Books I Read June 13, 2021
Spent the first half of the week taking very long walks around New York. Turns out Coney is still tacky, the Malaysian beef jerky place on the LES is still great, and it's still impossible to walk through central Brooklyn for more than an hour without seeing Maggie Gyllenhall. The second half of the week has mostly been spent throwing children in the air and cooking/eating food. Point being I've been lazy and haven't read as much as I'd like, alas.
Valentino and Sagittarius by Natalia Ginzburg – Two novellas about Ms. Ginzburg's shitty, selfish, stupid family. Actually these were lovely, she's a great talent.
The Girl with All the Gifts by M.R. Carey – A young girl breaks out of the world's shittiest elementary school. I’ll avoid writing anything else for fear of spoiling a fun reveal, but this is creepy and emotional, a weird and original take on an overworked genre, strong stuff.
There Once Lived a Girl Who Seduced Her Sister's Husband, and He Hanged Himself: Love Stories by Ludmilla Petrushevskaya – A series of short about untrue men, heartbroken women, Russia, and the occasional murder. Petrushevskaya's stories all waver on a knife's edge between romance and outright horror, and often its unclear until the last sentence which direction they'll tip in. I very much enjoyed reading this on a bench in Brighton Beach while watching elderly Slavs sun themselves like beached albino seals.
I Await the Devil's Coming by Mary Maclane – The journalings of a precocious proto-feminist in Montana in the early 20th century. Interesting as a found document but basically this read like having to listen to that chick in your Freshman seminar who just won't shut the fuck up about Ayn Rand rant for 200 pages.
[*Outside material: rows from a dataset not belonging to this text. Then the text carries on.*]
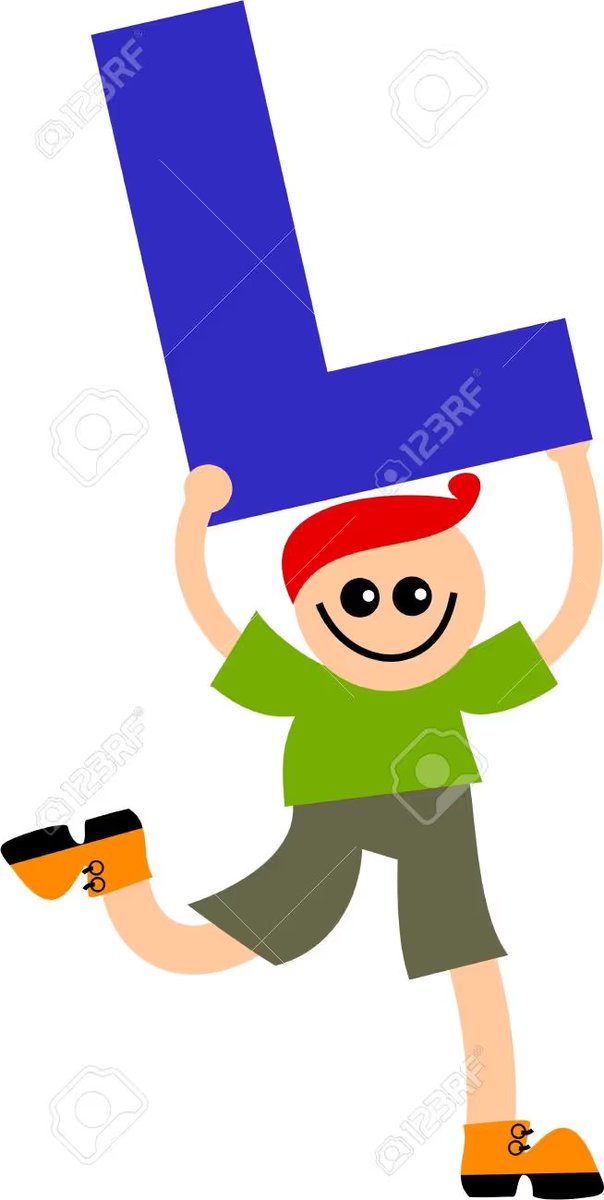 🇺🇸DA Pittman🇺🇸 tweet media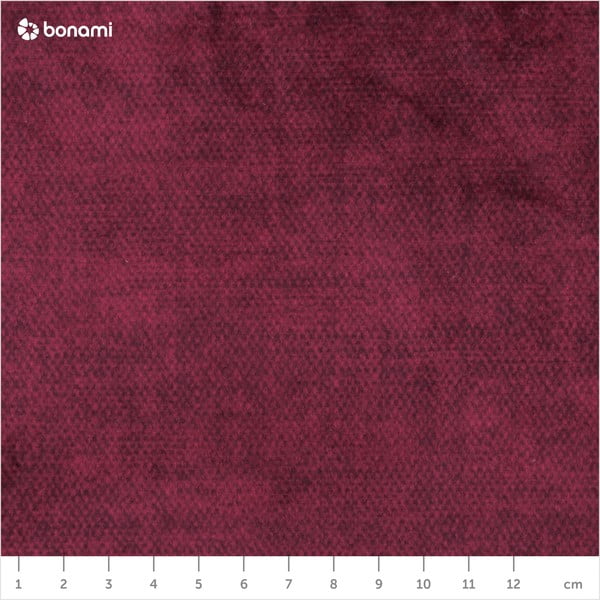 Vzorka čalúnenia Vogue 7 -image-1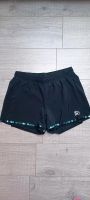 Sportshorts Laufshorts schwarz Größe 36 / 38 Dortmund - Asseln Vorschau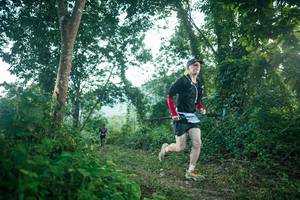 BIB: 
                            <button type="button" onclick="openModal(27918465)" class="btn btn-primary btn-sm float-right btn-popup" data-toggle="modal" data-target=".modal-high-quality">
                        <i class="fas fa-shopping-cart"></i> Add to Cart
                    </button>
                                            <button type="button" onclick="isThisMe(27918465, true)" class="btn btn-success btn-sm float-right btn-popup btn-isme hidden" data-toggle="tooltip" data-placement="bottom" title="นี่คือรูปของคุณใช่ไหม คลิกที่นี่เพื่อเอาเข้าอัลบั้ม">
                        <i class="fas fa-plus"></i> Add to album
                    </button>
                    <button type="button" onclick="isThisMe(27918465, false)" class="btn btn-warning btn-sm float-right btn-popup btn-isnotme hidden">
                        <i class="fas fa-ban"></i> Remove from album
                    </button>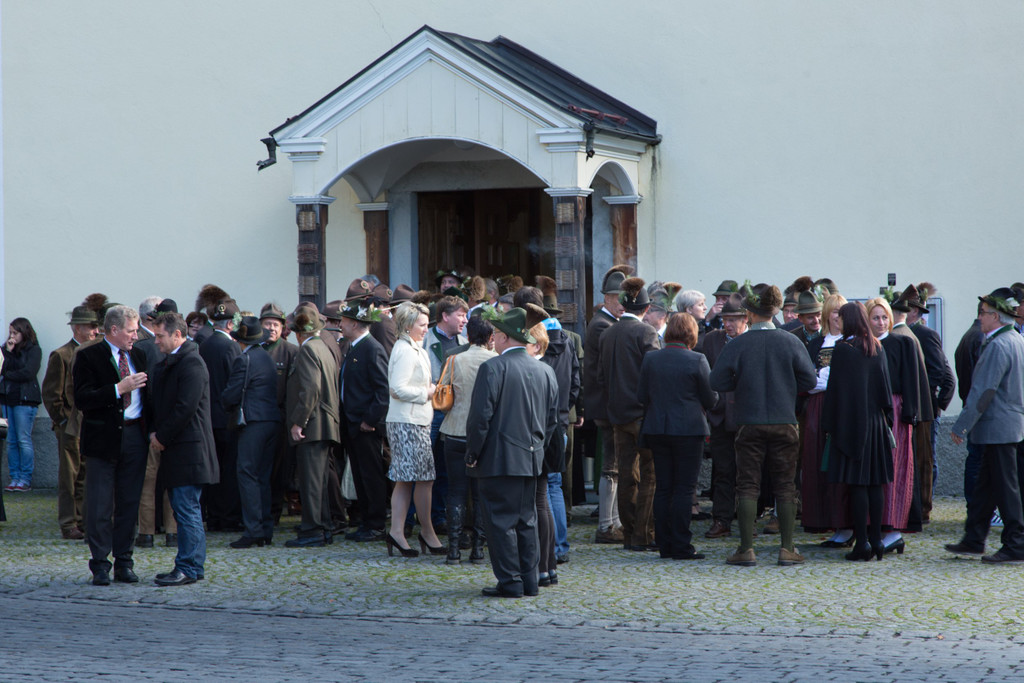HubF14__103.jpg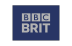 BBC Brit HD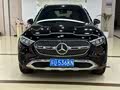 Mercedes-Benz GLC 2024 GLC 260 L 4MATIC Dynamic 5-seater - zdjęcie 13
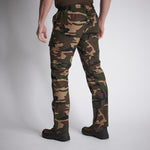 Product thumbnail 20 of 44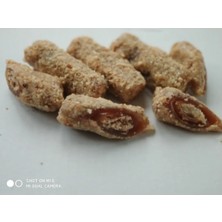 Gümüşhane Fındıklı Pestil Sarması 500 gr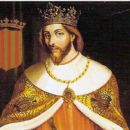 James of Aragon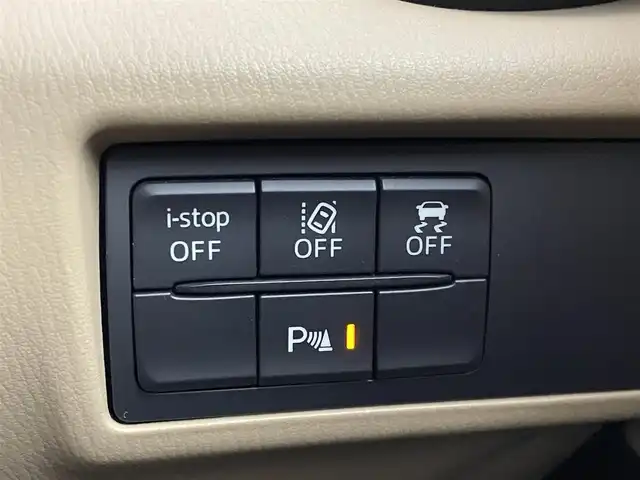 マツダ ロードスター ＲＦ VS 埼玉県 2020(令2)年 3.4万km マシーングレープレミアムM ６MT/オープンカー/BOSEサウンド/純正７インチSDナビ/DTV/USB/BT/AUX/DVD/CD/ブラインドスポットモニター/クルーズコントロール/レーンキープアシスト/バックカメラ/レザーシート/シートヒーター/ドライブレコーダー前方/LEDオートライト/ビルトインETC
People without a sense of humor should not be allowed to read Nietzsche.
The Wisdom Books by Robert Alter – For my birthday a dear friend (and the only person – Goy or Gentile -- I ever met who taught himself Yiddish) bought me this translation of my two favorite books of the Old Testament (plus Proverbs which is kind of crap). As always, reading Job and Ecclesiastes I am struck by the willingness of the Jews to incorporate into their tradition texts which run essentially counter to the main elements of the rest of the religion. This translation was beautiful, and the footnotes offered new insights into works I have read quite literally dozens of times—even if he uses 'vigor' in place of 'black hair', which is one of my favorite biblical allusions.
'Light is sweet, and it is good for eyes to see the sun!' I do try and remember, I swear.
Your House is on Fire, Your Children Are All Gone by Stefan Kiesbye – The horrifying recollections of a group of youth growing up in a small town in Northern Germany (which, if you haven't been north of Bremen, is a stark and nightmarish landscape). Something like if Patrick Modiano met Stephen King, although honestly I kinda think that undersells it. Understated and horrifying, with a hell of a last sting.
Poems of the Late T'Ang translated by A.C. Graham –
'The danger of the road is not in the distance
Ten yards is enough to break a wheel.
The peril of love is not in loving too often,
A single evening can leave its wound in the soul.'
Day of the Oprichnik by Vladamir Sorokin – In a future Russia which resembles a past Russia, government sponsored hoodlums commit a series of bleakly comic horrors in their efforts to defend the motherland. Sorokin's sci-fi satire is as sly and original as ever. Funny and extremely mean.